9:02 PM (2 hours ago) |
Toronto Mayor John Tory is really excited about Ontario entering Stage 3 of reopening and bars and restaurants opening up again.
Actually, what he’s really excited about is slapping a whole lot of regulatory restrictions on them.
On Sunday, Tory sent a letter to Premier Doug Ford containing six recommended rules to be imposed on these establishments, which have absorbed a catastrophic financial hit due to the COVID-19 pandemic.
Tory is calling for mandatory masks for all staff and patrons, earlier closing hours, occupancy restrictions, and for all patrons to provide contact information that is to be kept for 30 days, to allow for tracing as needed.
Wow! Where to begin?
Asking everyone for their contact information is not going to go over well. That’s a bit of a safety issue. They might get a lot of false information.
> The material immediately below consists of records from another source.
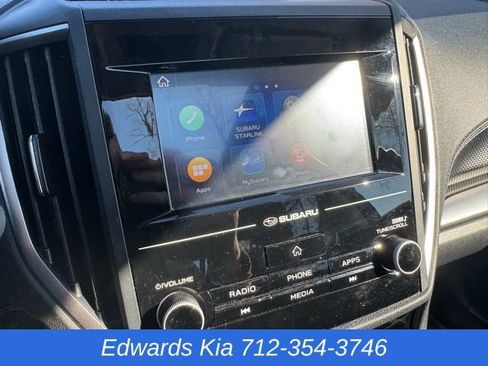 Used 2024 Subaru Forester Premium image 25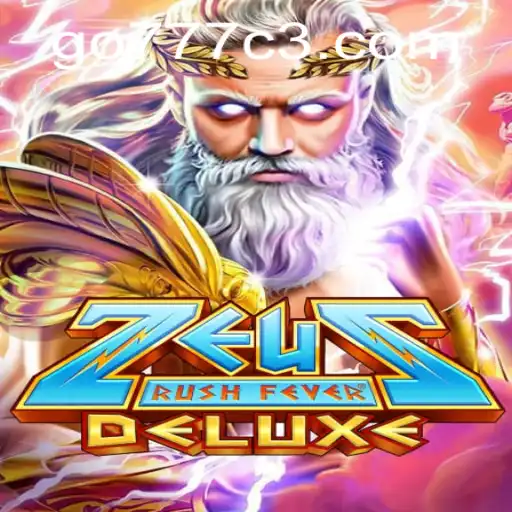 Unveiling ZeusRushFeverDeluxe: A Mythical Adventure Awaits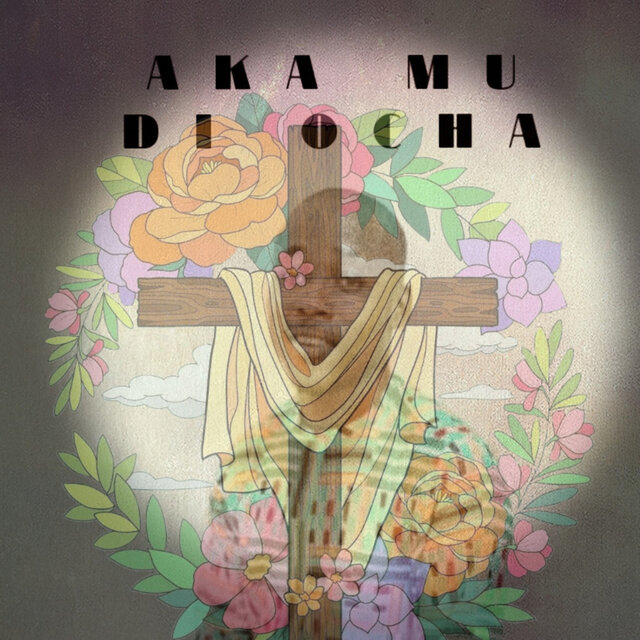 Aka Mu Di Ocha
Again, as with the mandatory facemask rules, you have to wonder whether recommendations like these are really about protection—as is claimed—or politics.
Tory says that “experts” believe that masks keep people safer and that restaurants and bars pose a higher level of risk for the spread of the coronavirus.
Are these the same experts who were saying back in March that masks weren’t necessary outside of hospitals, and that anyone who suggested that the borders should be closed was a racist?
We all want to stop the spread of COVID-19. We’ve all made extraordinary sacrifices toward that end. No businesses have been hit harder than the hospitality industry. Many of them have closed and are never coming back.
In some cases, establishments built by generations of hard work and dedication are gone forever.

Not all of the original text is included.